In 1904 a Royal Commission was established to look into The Care and Control of the Feebleminded. 'Feebleminded' was, then, a new addition to the psychiatric taxonomy of mental incapacity; the Idiots Act 1886 had put a distinction between 'idiocy' and 'imbecility' in law. Idiots were the least capable members of the society, under this definition, and the newer term 'feebleminded' was to refer to that group of people who could possibly work but needed help to overcome mental shortcomings that limited their independence. The Commission took a great deal of evidence from a range of experts and made its recommendations in a Report published in 1908 . These included placing the 'mentally defective' in 'colonies' where 'the inmates spent most of their time in workshops or working on the land [...] ' (p. 76). They considered whether it would be appropriate to restrict the ability of the mentally infirm to reproduce through either a programme of sterilisation or by preventing them from marrying, though they suggest that such a move would be contrary to 'the general feeling of the people' (p. 185), except in the most severe cases, where they recommend it.
Winston Churchill had no such reservations. By the time the report came out, he had been a cabinet minister for three years, with an even more longstanding concern for the impact of the 'feebleminded' on Britain, writing to his cousin Ivor Guest in 1899 'The improvement of the British breed is my aim in life'. He had followed with interest the introduction of a Eugenics Law in Indiana in 1907, which mandated the sterilisation of inmates deemed mentally unfit, and banned them from marrying. Despite the opposition of public, parliamentary and most scientific opinion to such measures, Churchill was convinced of their rightness: 'I am drawn to this subject in spite of many Parliamentary misgivings ... Of course it is bound to come some day'. He asked the Home Office to explore the possibility of introducing such a law and tried to explore what might be the most appropriate surgical procedure. When he became Home Secretary in 1910, his enthusiasm was unabated, fired by reading he Sterilisation of Degenerates by Dr H C Sharp with its dire warnings of 'the degenerate class' threatening 'the purity of the race'. In December of that year, he wrote to the Prime Minister, Asquith, in these terms:
I am convinced that the multiplication of the feebleminded [...] unchecked by any of the old restraints of nature, and actually fostered by civilised conditions, is a very terrible danger to the race. [...] The unnatural and increasingly rapid growth of the Feeble-Minded and Insane classes, coupled as it is with a steady restriction among all the thrifty, energetic and superior stocks, constitutes a national and race danger which it is impossible to exaggerate.
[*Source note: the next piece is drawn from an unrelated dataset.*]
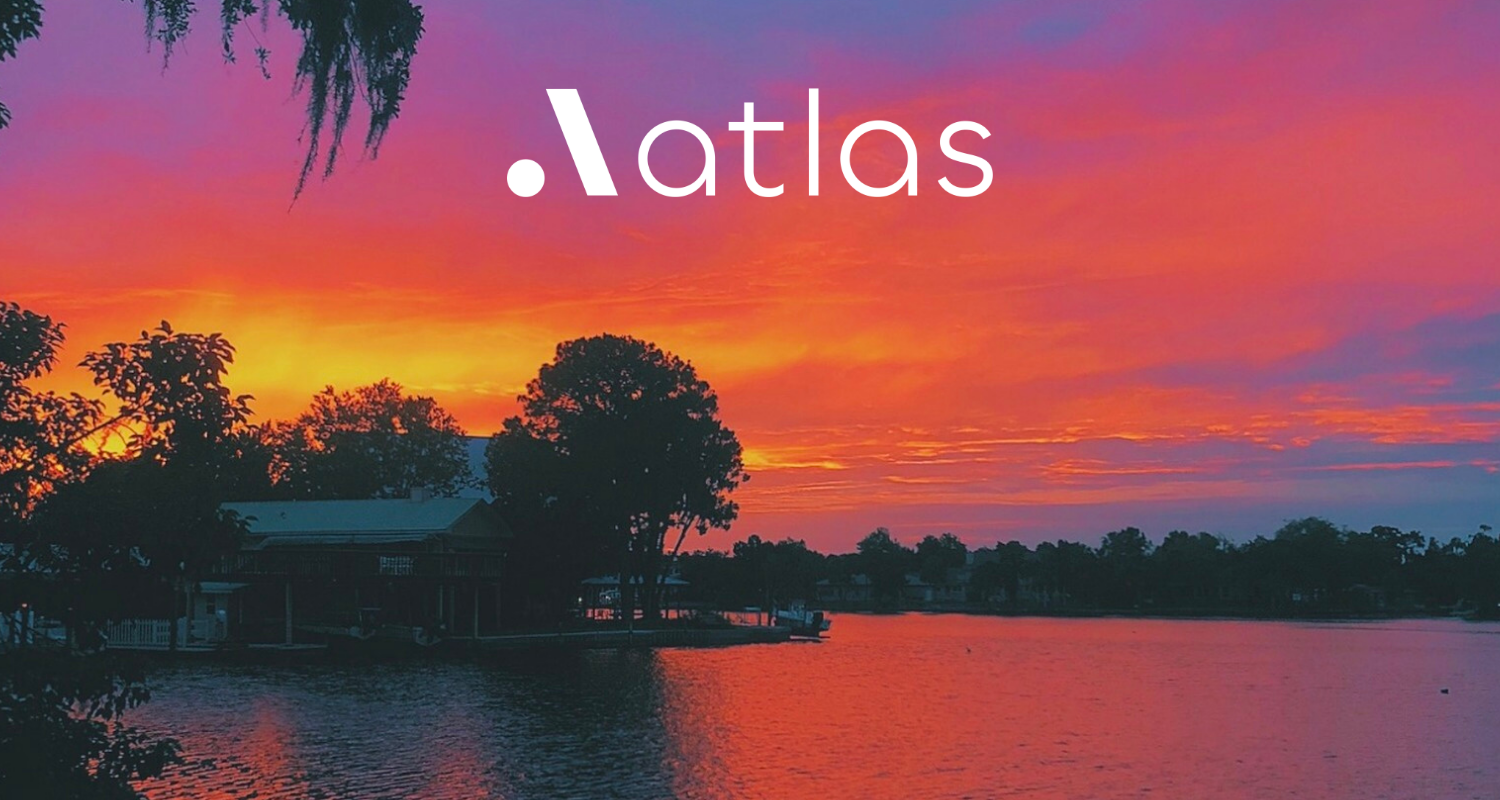 Homosassa, FL photo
I feel that the source from which the stream of madness is fed should be cut off and sealed before another year is passed.
Churchill's enthusiasm for eugenics grew, despite being moved to the Admiralty; he was Vice President of the first International Eugenics Congress held in London in July 1912. He tirelessly lobbied his colleagues advocating for sterilisation of the mentally unfit. However, his efforts to introduce such a measure to the Mental Deficiency Bill 1913 failed, the Act preferring the Commission's recommendation of confinement. Indeed, sterilisation never made its way onto the statute books in Britain (unlike in Australia, Belgium, Brazil, Canada, Denmark, Estonia, Finland, France, Germany, Iceland, Norway, Sweden, Switzerland and the United States).
Churchill's enthusiasm for such legislation was, strange though it seems now, progressive and liberal principles.
To his officials, he had advised that sterilisation was morally superior to segregation:
I think it is cruel to shut up numbers of people in institutions, to them at any rate little better than prisons, for their whole lives, if by a simple surgical operation they could be permitted to live freely in the world without causing much inconvenience to others.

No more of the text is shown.